Super Mario 64 is one of the earliest 3D platformers. Since the game utilizes the third dimension, the levels are designed to be less linear than Mario’s 2D entries. Many of the larger levels have multiple goals such as winning a race, getting all the red coins, or defeating a boss. The game rewards the player with a star for completing these challenges. Once the player obtains 60 (of 120) stars, they can face off against Bowser. Recently, I was replaying Mario 64 to attempt to get all 120 stars, and I started playing the level Tiny-Huge Island. Every time Mario slides down a pipe in Tiny-Huge Island, he changes size to either tiny or huge. While I was playing, I noticed some particularly clever game design when I got the fourth, fifth, and sixth stars of Tiny-Huge Island.
In the challenge to get the fourth star of Tiny-Huge Island, the player must find Five Itty Bitty Secrets. As the name suggests, there are five secrets hidden within the island, and Mario must be huge to find them. Since the fifth and sixth stars are concealed, this challenge is desinged to hint at their locations. By forcing the player to be big Mario, the designers made it much easier for the player to explore the island. Huge Mario can traverse the island much more quickly than tiny Mario. Although there are five secrets, only two of them show players where the next stars lie.

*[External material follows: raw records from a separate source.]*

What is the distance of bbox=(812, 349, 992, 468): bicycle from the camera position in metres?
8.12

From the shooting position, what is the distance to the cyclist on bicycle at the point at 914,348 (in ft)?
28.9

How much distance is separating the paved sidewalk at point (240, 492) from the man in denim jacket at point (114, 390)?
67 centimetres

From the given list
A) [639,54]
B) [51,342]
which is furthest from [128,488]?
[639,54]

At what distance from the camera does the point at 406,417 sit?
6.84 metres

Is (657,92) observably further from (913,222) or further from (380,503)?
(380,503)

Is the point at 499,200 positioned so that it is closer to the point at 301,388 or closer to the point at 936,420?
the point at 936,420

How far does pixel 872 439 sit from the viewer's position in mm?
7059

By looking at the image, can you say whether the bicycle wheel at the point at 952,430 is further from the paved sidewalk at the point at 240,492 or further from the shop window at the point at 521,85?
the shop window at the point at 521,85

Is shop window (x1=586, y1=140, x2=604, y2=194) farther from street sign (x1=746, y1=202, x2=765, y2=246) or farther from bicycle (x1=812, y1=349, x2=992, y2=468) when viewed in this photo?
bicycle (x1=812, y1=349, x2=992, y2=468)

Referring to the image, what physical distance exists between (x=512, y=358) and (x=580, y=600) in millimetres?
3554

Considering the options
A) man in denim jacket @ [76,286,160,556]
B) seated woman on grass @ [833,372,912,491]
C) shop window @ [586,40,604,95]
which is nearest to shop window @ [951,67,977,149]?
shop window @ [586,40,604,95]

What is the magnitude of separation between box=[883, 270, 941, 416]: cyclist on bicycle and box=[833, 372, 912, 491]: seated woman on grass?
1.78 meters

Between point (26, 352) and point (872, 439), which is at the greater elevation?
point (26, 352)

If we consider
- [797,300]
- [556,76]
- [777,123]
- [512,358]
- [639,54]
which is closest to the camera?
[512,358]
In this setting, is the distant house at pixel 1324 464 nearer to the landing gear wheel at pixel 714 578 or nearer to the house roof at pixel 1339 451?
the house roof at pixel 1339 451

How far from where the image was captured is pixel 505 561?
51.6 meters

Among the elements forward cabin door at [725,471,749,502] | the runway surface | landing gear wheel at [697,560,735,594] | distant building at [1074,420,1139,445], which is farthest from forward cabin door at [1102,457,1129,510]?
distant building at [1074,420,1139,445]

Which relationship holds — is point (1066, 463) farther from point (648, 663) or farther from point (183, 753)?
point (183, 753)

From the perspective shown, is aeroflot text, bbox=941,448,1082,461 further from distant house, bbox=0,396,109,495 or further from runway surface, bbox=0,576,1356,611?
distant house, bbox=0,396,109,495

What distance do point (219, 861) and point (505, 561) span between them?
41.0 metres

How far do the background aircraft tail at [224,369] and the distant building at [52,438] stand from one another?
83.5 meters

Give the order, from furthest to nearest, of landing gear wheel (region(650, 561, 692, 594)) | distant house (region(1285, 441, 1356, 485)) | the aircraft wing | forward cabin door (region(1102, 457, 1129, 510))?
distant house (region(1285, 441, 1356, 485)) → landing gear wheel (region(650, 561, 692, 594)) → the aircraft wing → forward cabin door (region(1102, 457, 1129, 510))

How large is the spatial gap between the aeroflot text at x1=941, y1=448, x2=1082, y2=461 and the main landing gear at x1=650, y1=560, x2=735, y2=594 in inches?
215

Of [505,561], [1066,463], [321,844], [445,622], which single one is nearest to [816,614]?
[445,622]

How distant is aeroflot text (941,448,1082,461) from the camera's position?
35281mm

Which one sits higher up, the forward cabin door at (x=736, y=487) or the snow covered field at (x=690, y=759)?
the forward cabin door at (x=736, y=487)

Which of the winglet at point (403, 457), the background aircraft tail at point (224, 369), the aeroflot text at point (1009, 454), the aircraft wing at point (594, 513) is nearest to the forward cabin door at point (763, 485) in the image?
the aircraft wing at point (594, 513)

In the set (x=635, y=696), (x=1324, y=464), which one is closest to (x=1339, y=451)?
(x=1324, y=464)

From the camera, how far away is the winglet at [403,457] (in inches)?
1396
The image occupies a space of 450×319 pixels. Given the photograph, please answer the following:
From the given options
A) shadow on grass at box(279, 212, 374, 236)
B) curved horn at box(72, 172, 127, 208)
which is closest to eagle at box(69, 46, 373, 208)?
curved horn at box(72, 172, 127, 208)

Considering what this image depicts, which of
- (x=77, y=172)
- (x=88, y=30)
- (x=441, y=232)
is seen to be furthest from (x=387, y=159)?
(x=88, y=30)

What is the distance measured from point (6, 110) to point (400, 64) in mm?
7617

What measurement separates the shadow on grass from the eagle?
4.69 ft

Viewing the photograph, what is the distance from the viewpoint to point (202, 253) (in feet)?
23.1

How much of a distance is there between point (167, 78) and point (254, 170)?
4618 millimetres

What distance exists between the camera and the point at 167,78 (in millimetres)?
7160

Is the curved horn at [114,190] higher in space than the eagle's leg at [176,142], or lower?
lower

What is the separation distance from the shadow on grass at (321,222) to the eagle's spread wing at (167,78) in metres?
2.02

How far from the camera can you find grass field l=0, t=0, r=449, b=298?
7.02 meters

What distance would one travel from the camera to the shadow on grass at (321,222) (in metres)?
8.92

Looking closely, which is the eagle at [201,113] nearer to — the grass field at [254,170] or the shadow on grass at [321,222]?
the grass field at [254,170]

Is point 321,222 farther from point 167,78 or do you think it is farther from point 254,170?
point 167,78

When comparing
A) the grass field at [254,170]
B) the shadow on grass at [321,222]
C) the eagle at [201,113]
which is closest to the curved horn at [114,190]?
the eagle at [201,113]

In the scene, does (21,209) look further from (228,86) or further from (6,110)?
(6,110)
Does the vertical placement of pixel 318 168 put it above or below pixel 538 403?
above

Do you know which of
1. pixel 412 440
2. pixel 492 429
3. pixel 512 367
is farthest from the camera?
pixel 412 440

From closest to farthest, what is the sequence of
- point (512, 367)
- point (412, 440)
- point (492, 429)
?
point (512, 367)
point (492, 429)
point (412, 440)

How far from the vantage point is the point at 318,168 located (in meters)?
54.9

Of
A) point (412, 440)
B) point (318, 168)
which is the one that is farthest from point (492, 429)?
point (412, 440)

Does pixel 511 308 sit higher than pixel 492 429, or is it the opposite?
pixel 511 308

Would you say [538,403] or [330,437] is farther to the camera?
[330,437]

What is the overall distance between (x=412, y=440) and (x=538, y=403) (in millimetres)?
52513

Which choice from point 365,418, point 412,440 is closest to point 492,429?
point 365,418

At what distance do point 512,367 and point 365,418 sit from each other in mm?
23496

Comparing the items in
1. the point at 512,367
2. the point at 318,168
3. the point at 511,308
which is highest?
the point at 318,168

The first secret is on a tiny out-of-place plank jutting from the wall.
The second sits at the island’s peak.
Once the player has found all five secrets, they can progress to the fifth challenge.
To obtain the fifth star, the player must locate Wiggler’s Red Coins. The player has thouroughly explored the level at this point, but they have not seen any obvious red coins. Since there are no conspicuous places left, the design guides the player to check the secrets they were shown in Five Itty Bitty Secrets. Because the player has already discovered the secrets as huge Mario, they will want to check the those same areas with tiny Mario instead. As small Mario, all the secrets—except the first one—are dead ends.
When the player checks out the first secret, they will find Wiggler’s Red Coins.
The challenge is still incomplete though. In order to finish it, the player must collect the coins. As the player gathers the coins, they will notice eye-catching movement in the mesh ceiling.
Now the player’s final goal is clear.
The challenge for the sixth star is to Make Wiggler Squirm. Because the player has seen the opening above the wriggler, they will know that the entrance is on the top of the mountain. Then the player may check the peak of the island as small Mario and find the entrance closed. The next logical step is to check the summit as big Mario. A ground pound will open the entrance.
Then the player must return to the peak with tiny Mario and drop into the hole.
Finally, the player must defeat wiggler to obtain the sixth star.
These three challenges integrate brilliantly. They trasition perfectly. They flow seemlessly. The levels guide the player but do not oversimplify the task. Teasing the player’s brain, the design encourages and rewards players for thinking about what they see. However, the design also limits the player’s options and helps them avoid getting too off course. The design attempts to keep the player in a flow state, and—for me at least—it succeeded.